ASSIGNED TASK: When you reach a picture, pass over it; otherwise repeat the listing word for word.

—————

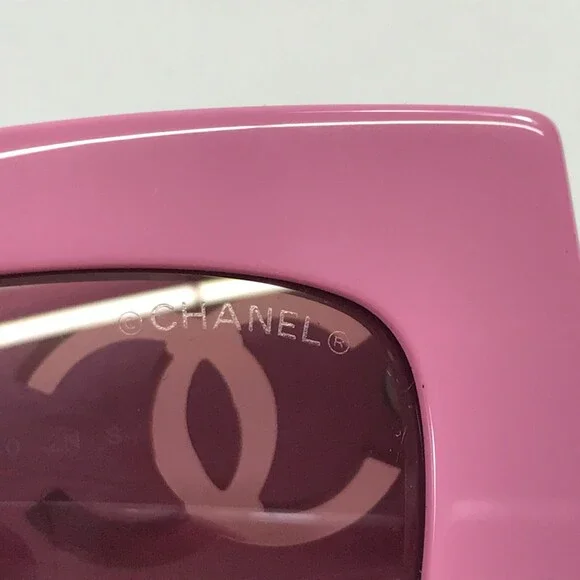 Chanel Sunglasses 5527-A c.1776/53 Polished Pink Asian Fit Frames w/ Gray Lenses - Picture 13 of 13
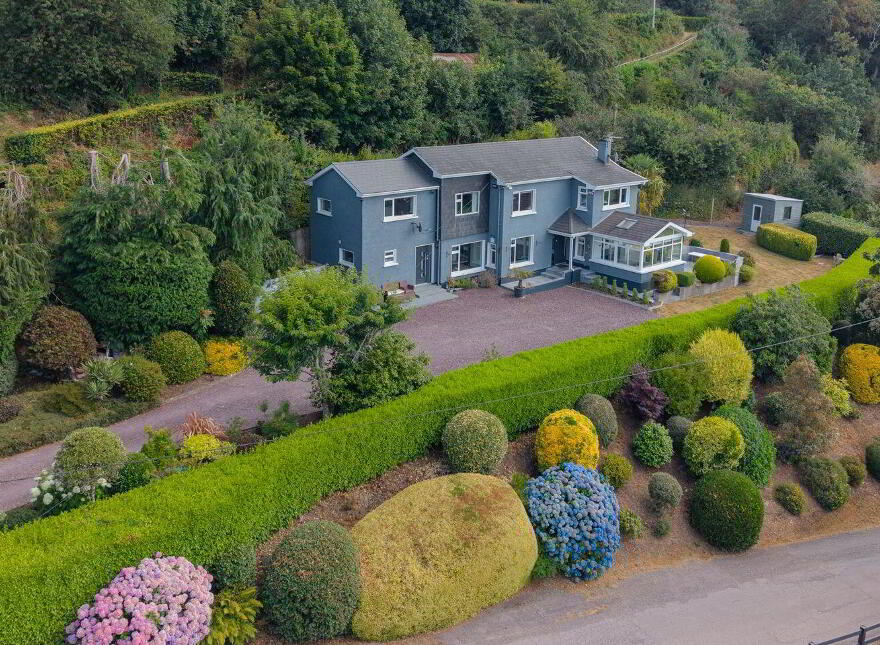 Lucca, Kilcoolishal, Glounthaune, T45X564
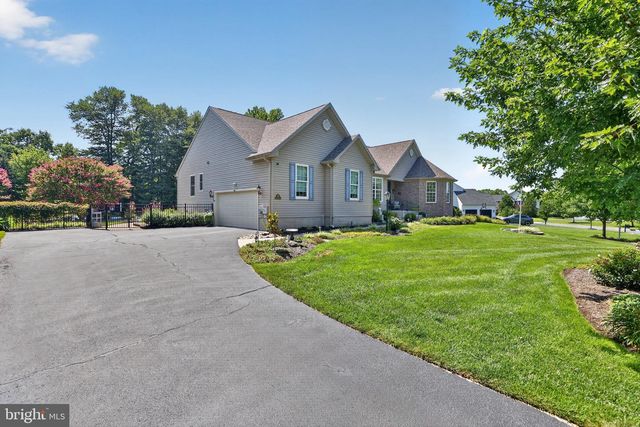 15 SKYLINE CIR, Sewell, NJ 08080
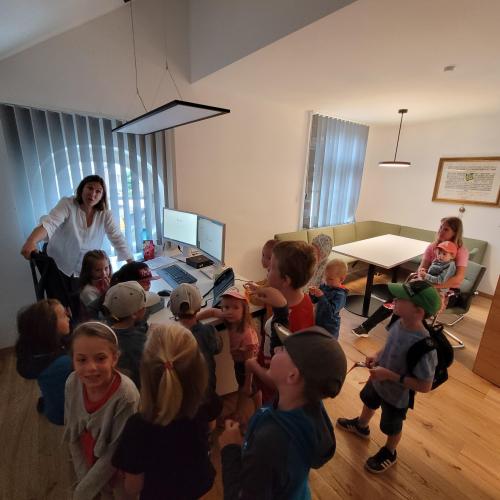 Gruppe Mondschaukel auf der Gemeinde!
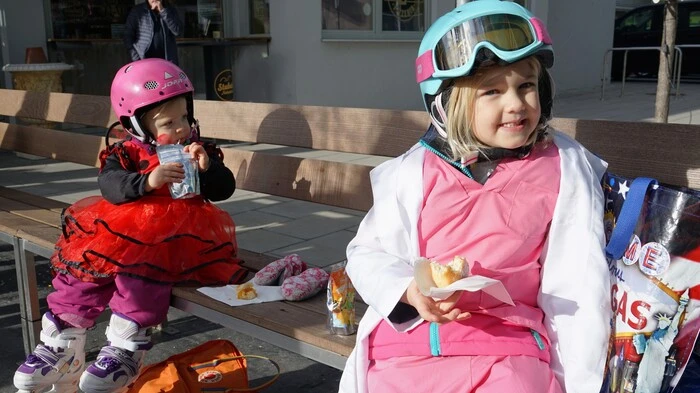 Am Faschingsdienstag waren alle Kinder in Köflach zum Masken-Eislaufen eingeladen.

—————

RESULT:
 Chanel Sunglasses 5527-A c.1776/53 Polished Pink Asian Fit Frames w/ Gray Lenses - Picture 13 of 13
 Lucca, Kilcoolishal, Glounthaune, T45X564
 15 SKYLINE CIR, Sewell, NJ 08080
 Gruppe Mondschaukel auf der Gemeinde!
 Am Faschingsdienstag waren alle Kinder in Köflach zum Masken-Eislaufen eingeladen.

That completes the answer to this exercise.